通りは、ひとと牛とやぎと車とバイクとリクシャーがあふれ、風は砂埃にかすんでいる。すこし歩くだけでも溺れるほど汗をかく。
時間がないから到着後すぐ、ブッダが悟りをひらき、最初に説法をした場所、サールナートへ。バラナシ市街からは車で約一時間ほど、でこぼこの道と荒っぽい運転のおかげで退屈しない。車の窓から街をながめているのはたのしいし、サールナートへ近づくにつれ、風景がそっけないほど素朴になっていくのもおもしろい。あらゆるいきものが溢れすぎてる市街地と、ひっそりとしている郊外。インドはほんとうにほんとうに広い。

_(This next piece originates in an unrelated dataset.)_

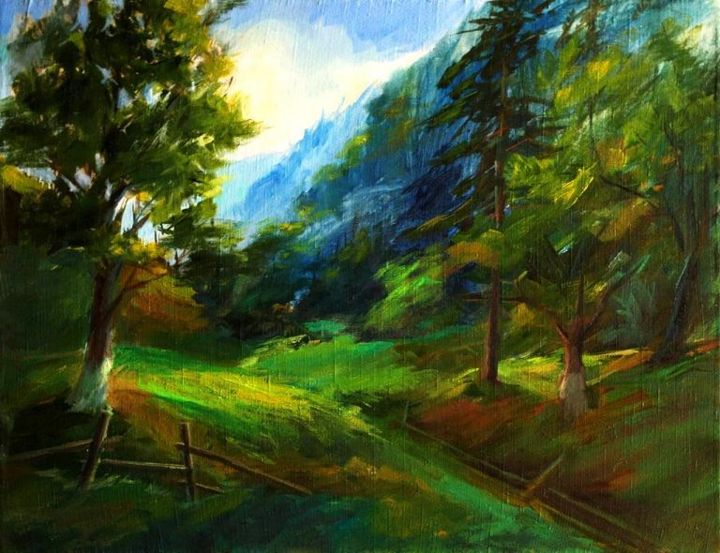 Painting titled "View of the mountain" by Nikolay Kocherzhuk, Original Artwork, Oil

遺跡のあいだを縫ってひととおり歩き回ったあとは博物館を見学。ここに、ぜひお会いしたかった神様がいた。
チャームンダー。死の女神といわれ、それはおそろしい姿をしている。しぼんで垂れさがった乳、痩せ細ったからだ。肌は病み、蠍の毒におかされ、首には生首を飾っている。この世のあらゆる苦しみを背負い、バンヤン樹の下、死骸の上で躍る。
世界は美しいものだけじゃないから、苦しみをだれかが引き受けないといけないのかもしれない。それなら愛や幸福をつかさどる神様だけを崇拝するわけにはいかない。
チャームンダーはしぼんだ乳で人々に乳を与える。ほんとうの苦しみを知る彼女にしか、慰められない傷があると思う。
相反するふたつのものが混ざり合ってる。病と癒し、生命と死、どちらか片方が欠けても、世界は調和をなくしてしまう。なかったことにはできないし、見ないわけにはいかない。
学生のころに遠藤周作の『深い河』を読んで以来、チャームンダーがずっと好きだった。遠すぎてこの旅ではとても行かれないけれど、チャームンダーをまつる寺院があると教えてもらった。いつかかならず訪ねてみたい。